Friday, April 18, 2008


1. Here is where the original conflict arises:

.....David did (1 Samuel 17:50) - "Thus David prevailed over the Philistine with a sling and a stone, and he struck the Philistine and killed him; but there was no sword in David's hand."

.....Elhanan did (2 Sam. 21:19)- "And there was war with the Philistines again at Gob, and Elhanan the son of Jaare-oregim the Bethlehemite killed Goliath the Gittite, the shaft of whose spear was like a weaver's beam." [Although it is not clear that Ephrata was called Bethlehem at that time].

The answer may lie in two areas.


.....1 Chronicles 20:5 says, "And there was war with the Philistines again, and Elhanan the son of Jair killed Lahmi the brother of Goliath the Gittite, the shaft of whose spear was like a weaver's beam."

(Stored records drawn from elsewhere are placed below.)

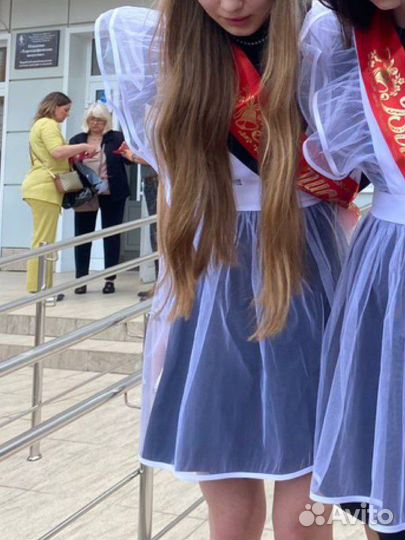 Белый школьный фартук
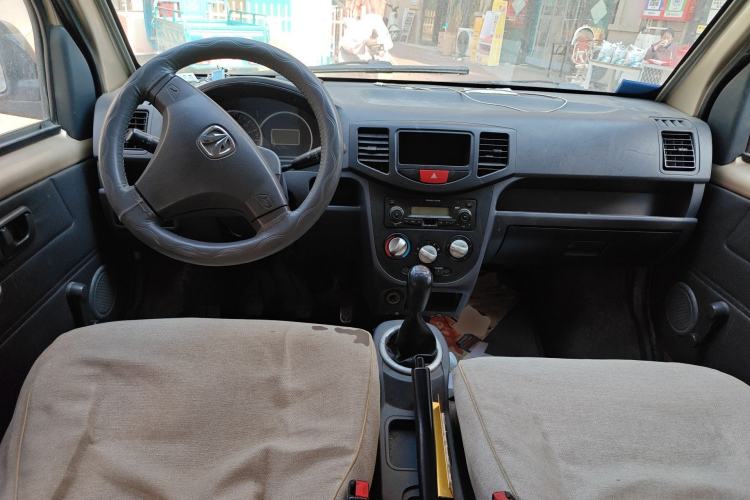 Used BAIC Weiwang 307 2014 1.2L Standard A12 Center Console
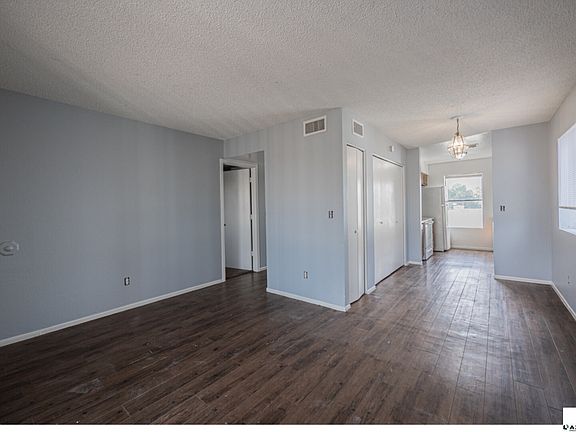 3rd image of 2266 W Ella St APT 207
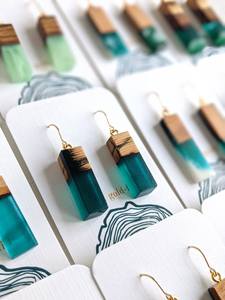 Pendientes de Resina de Madera Natural, Elegantes Pendientes Hechos a Mano, Joyería Moderna de Diseño para Niñas y Mujeres - Product Image 1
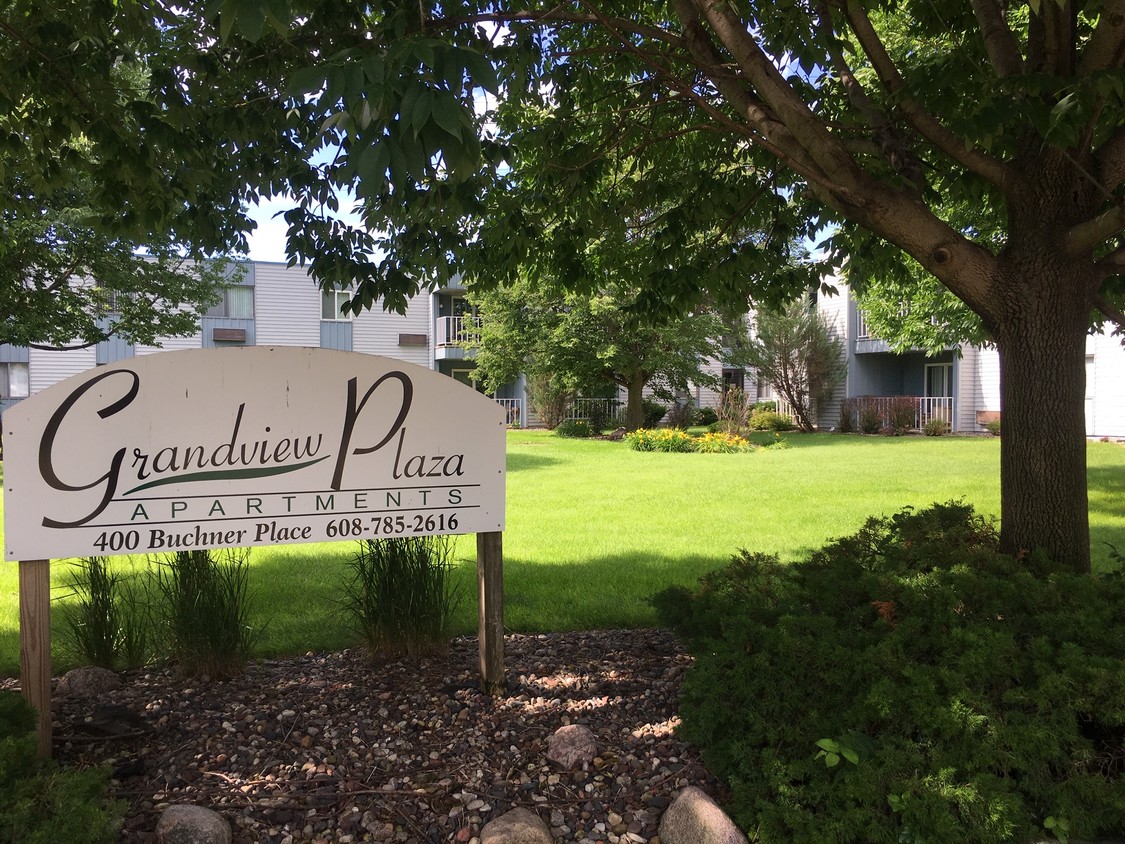 Front Courtyard - 400 Buchner Pl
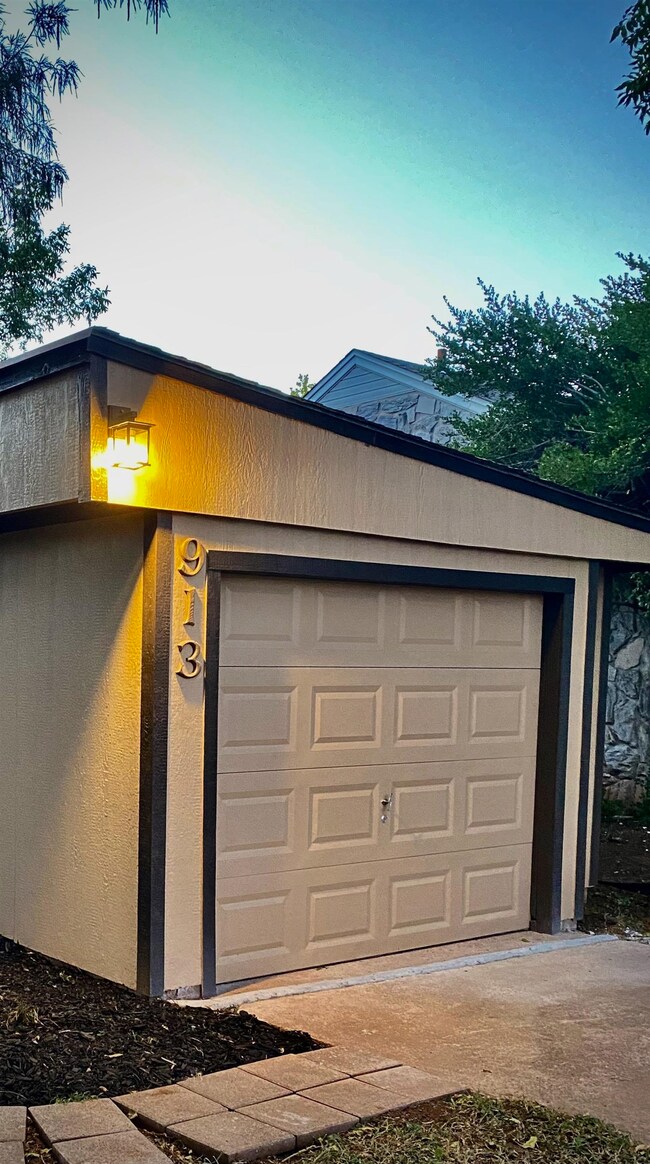 913 Devonwood Ave, Duncan, OK 73533 - photo 4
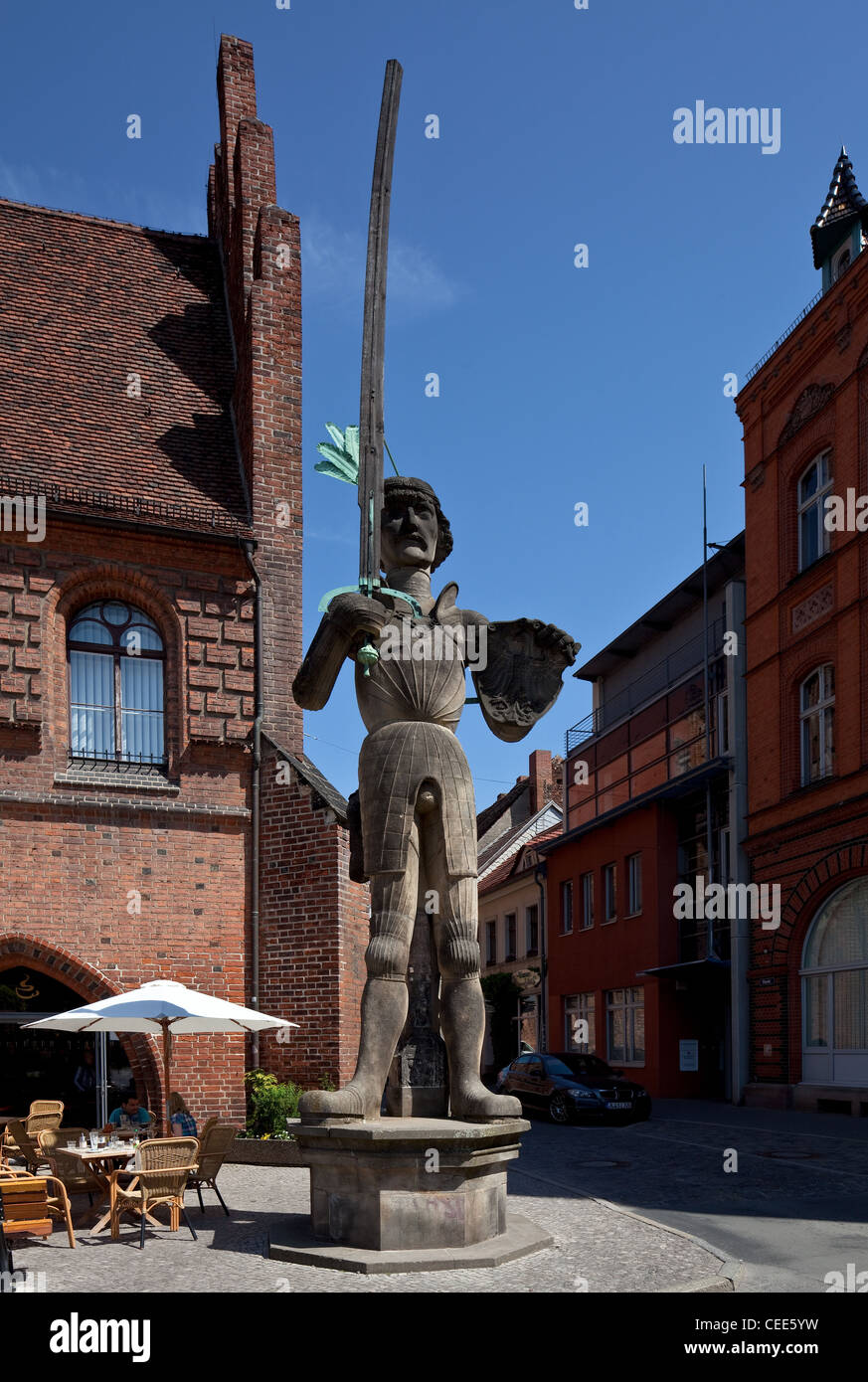 Stendal Rolandfigur vor dem Laubenflügel des Rathauses, errichtet 1525, Kopie 1974 m hölzernem (!) Richtschwert, Höhe 7,80 m Foto Stock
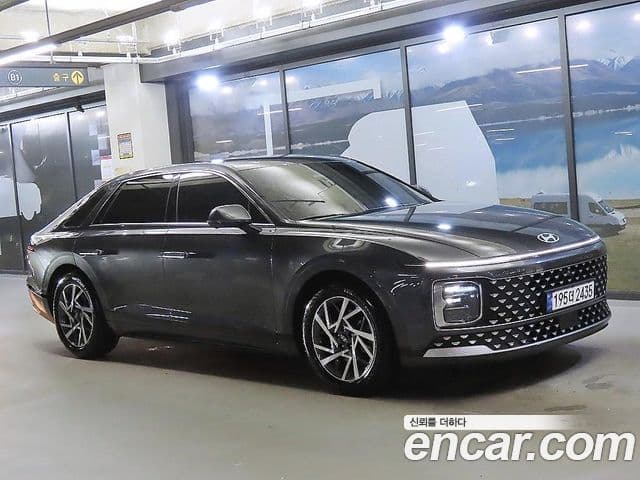 Hyundai Grandeur (GN7)
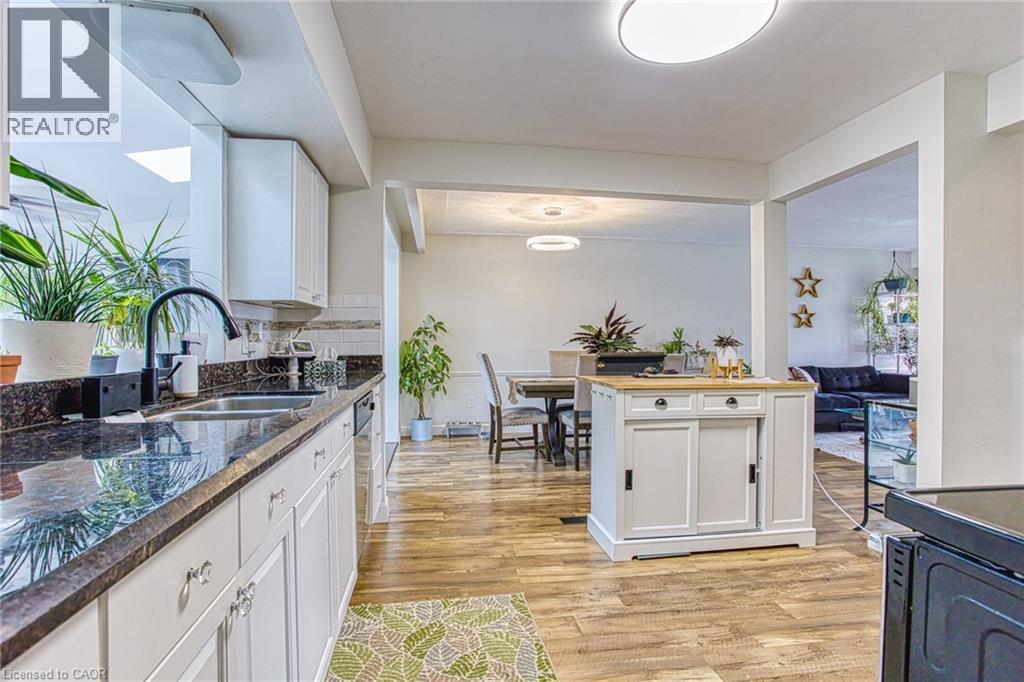 3 ELVIA Court - 10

.....The seeming conflicts that arise in the four Books of the Kings (including Samuel in the sectarian versions) begin with the faulty chronologies which appeared earlier. When the Imperial scriptorium (the chancellery of Pharaoh Akenaten) of Amarna was found it contained correspondence from the Pharaoh's vassal states in Canaan and Lebanon. It became clear from these official document, which reported events, troubles and wars in the Levantine region, that the Kingdom of Israel was established during this reign. Both Saul and David reigned during and just after the reign of Akhenaten at Amarna in Egypt, although in the exchanges between the Pharaoh and his officials in Canaan/Philistia, the are referred to as Labada and Elhanan. This is because Saul and David are almost certainly "throne names," and not birth names. The documents testify to the reign of both monarchs in Israel, and also verify much of the information about battles, personalities and towns or cities mentioned in the Books of the Kings.
.....We will return to that era later, but we must note that these facts move the dates of the exodus from Egypt back quite a distance. It had been assumed that the Israelite Hebrews departed from Egypt in the time of Rameses II, son of Seti during the 19th dynasty. However, Akhenaten was still part of the 18th dynasty. He ruled from 1279-1213, after death the of Akhenaten, and of Saul of Israel. In fact, the decree for the killing of the firstborn of the "Asiatics" was issued during the reign of Kaneferre-Khoteppe IV while the "Asiatics," settlers, including Hebrews and Israelite Hebrews (Habiru — vagabonds) were in the area that the Hebrew Scripture calls Goshen, in the area of the city of Avaris, where Joseph had lived (both his empty tomb and memorial statue have been unearthed in Avaris). This decree was issued during the 13th dynasty, while Hammurabi was ruling in Babylon (c.1565-1523 B.C.). The exodus would have taken place during the reign of Zheneferre-Tutimoses, who was crowned in Karnak in 1450 BC. This pharaoh had a summer palace at Avaris, and it was there that Moses came to him when he returned from to Egypt to lead the people of YHWH out of bondage and back to Canaan.
.....This indicates that the old chronology is 237 (+-) years too late. Nevertheless, the reign of David, which some had considered mythological, and the details of the reign of Saul and David are confirmed in the documents that have forced the re-calculation of the chronology. We should also bear in mind that the name Habiru (Hebrew) applied not only to the wanderers from the line of Abraham, but to many of the "Asiatics" who had settled in Northern Egypt, including Canaanites. This will explain some of the other apparent contradictions or confusion that appears to occur in the Books of the Kings. (More on all this later).